The deviation $\epsilon$ is defined with the $L_2$ distance:

$\epsilon(\pi, \pi^*, \phi(s)) = \| \pi(\phi(s)) - \pi^*(\phi(s)) \|_2^2$

since actions in this case are in continuous land. The optimal safety policy $\pi_{\rm safe}^*$ is:

$\pi_{\rm safe}^*(\pi, \phi(s)) = \begin{cases} 0, \quad \mbox{if}\; \epsilon(\pi, \pi^*, \phi(s)) > \tau \\ 1, \quad \mbox{otherwise} \end{cases}$

where the cutoff $\tau$ is user-determined.

The real question now is how to train $\pi_{\rm safe}$ from data $D = \{ \phi(s)_1, \ldots, \phi(s)_N \}$. The training uses the binary cross entropy loss, where the label is “are the two policies taking sufficiently different actions”? For a given dataset $D$, the loss is:

\begin{align} l_{\rm safe}(\pi_{\rm safe}, \pi, \pi^*, D) &= - \frac{1}{N} \sum_{n=1}^{N} \pi_{\rm safe}^*(\phi(s)_n) \log \pi_{\rm safe}(\phi(s)_n, \pi) + \\ & (1 - \pi_{\rm safe}^*(\phi(s)_n)) \log(1 - \pi_{\rm safe}(\phi(s)_n, \pi)) \end{align}

again, here, $\pi_{\rm safe}^*$ and $(1-\pi_{\rm safe}^*)$ represent ground-truth labels for the cross entropy loss.

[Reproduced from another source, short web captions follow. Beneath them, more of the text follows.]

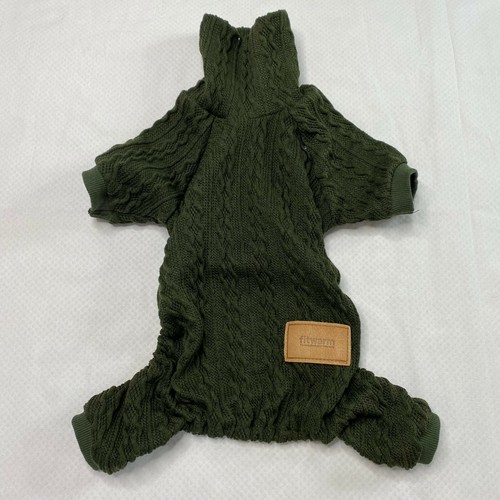 Fitwarm Dog Sweater sz S Green Cable Knit Turtle Neck Cottagecore Millenialcore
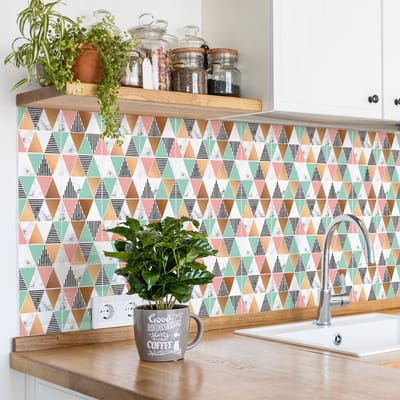 Zelfklevende muurtegelstickers voor keuken en badkamer - 24 cementtegelstickers met chique azuurblauwe marmerlook - 24 stickers, 15x15cm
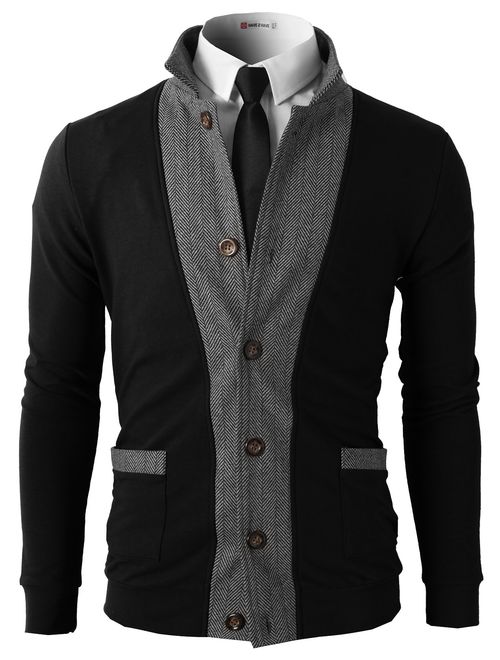 H2H Men's Casual Slim Fit Jacket Cardigans Long Sleeve Thermal of Various Styles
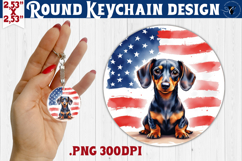 Round keychain | 4th of July | Patriotic Dog Product Image 1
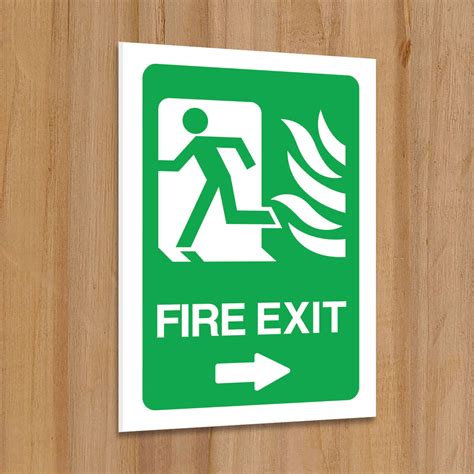 Fire Exit Right Sign For Schools Safety Signs The School Sign Shop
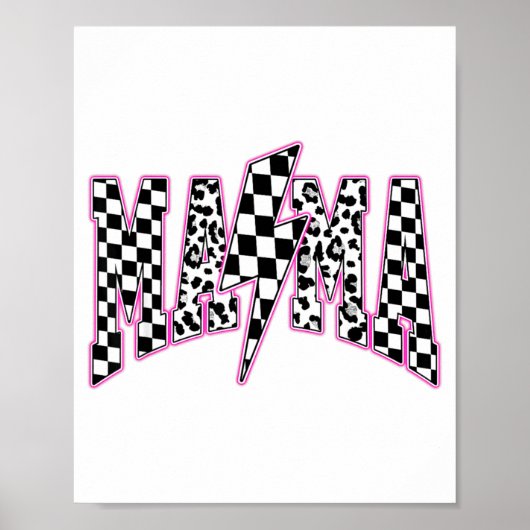 Poster Mama Éclair À Carreaux Léopard Varsity Moth (Devant)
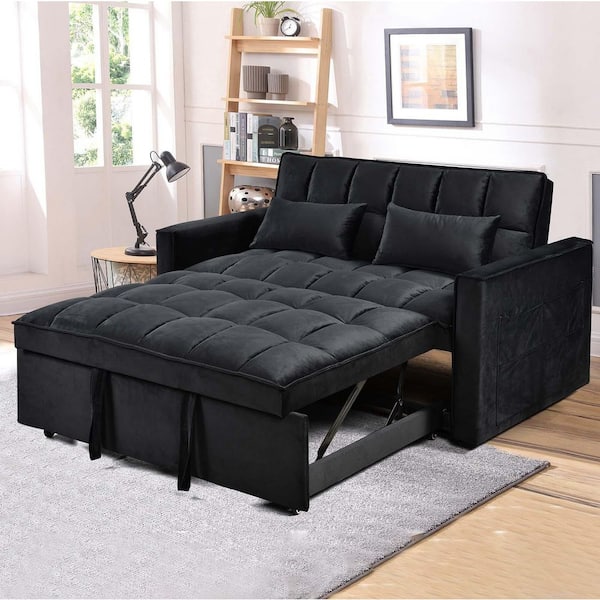 52.75 in. Black Velvet Full 3 in 1 Sleeper Sofa Bed Pullout Loveseat ...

It’s a bit tricky; the label isn’t something inherent in a training data, but something SafeDAgger artificially enforces to get desired behavior.

Now let’s discuss the control flow of SafeDAgger. The agent collects data by following a safety strategy. Here’s how it works: at every time step, if $\pi_{\rm safe}(\pi, \phi(s)) = 1$, let the usual agent take actions. Otherwise, $\pi_{\rm safe}(\pi, \phi(s)) = 0$ (remember, this function is binary) and the reference policy takes actions. Since this is done at each time step, the reference policy can return control to the agent as soon as it is back into a “safe” state with low action discrepancy.

Also, when the reference policy takes actions, these are the data points that get labeled to produce a subset of data $D’$ that form the input to $l_{\rm safe}$. Hence, the process of deciding which subset of states should be used to query the reference happens during environment interaction time, and is not a post-processing event.

Training happens in lines 9 and 10 of the algorithm, which updates not only the agent $\pi$, but also the safety policy $\pi_{\rm safe}$.

Actually, it’s somewhat strange why the safety policy should help out. If you notice, the algorithm will continually add new data to existing datasets, so while $D_{\rm safe}$ initially produces a vastly different dataset for $\pi_{\rm safe}$ training, in the limit, $\pi$ and $\pi_{\rm safe}$ will be trained on the same dataset. Line 9, which trains $\pi$, will make it so that for all $\phi(s) \in D$, we have $\pi(\phi(s)) \approx \pi^*(\phi(s))$. Then, line 10 trains $\pi_{\rm safe}$ … but if the training in the previous step worked, then the discrepancies should all be small, and hence it’s unclear why we need a threshold if we know that all observations in the data result in similar actions between $\pi$ and $\pi^*$. In some sense $\pi_{\rm safe}$ is learning a support constraint, but it would not be seeing any negative samples. It is somewhat of a philosophical mystery.

Experiments. The paper uses the driving simulator TORCS with a scripted demonstrator. (I have very limited experience with TORCS from an ICRA 2019 paper.)

• They use 10 tracks, with 7 for training and 3 for testing. The test tracks are only used to evaluate the learned policy (called “primary” in the paper).

• Using a histogram of squared errors in the data, they decide on $\tau = 0.0025$ as the threshold so that 20 percent of initial training samples are considered “unsafe.”

• They report damage per lap as a way to measure policy safety, and argue that policies trained with SafeDAgger converge to a perfect, no-damage policy faster than vanilla DAgger. I’m having a hard time reading the plots, though — their “SafeDAgger-Safe” curve in Figure 2 appears to be perfect from the beginning.

• Experiments also suggest that as the number of DAgger iterations increases, the proportion of time driven by the reference policy decreases.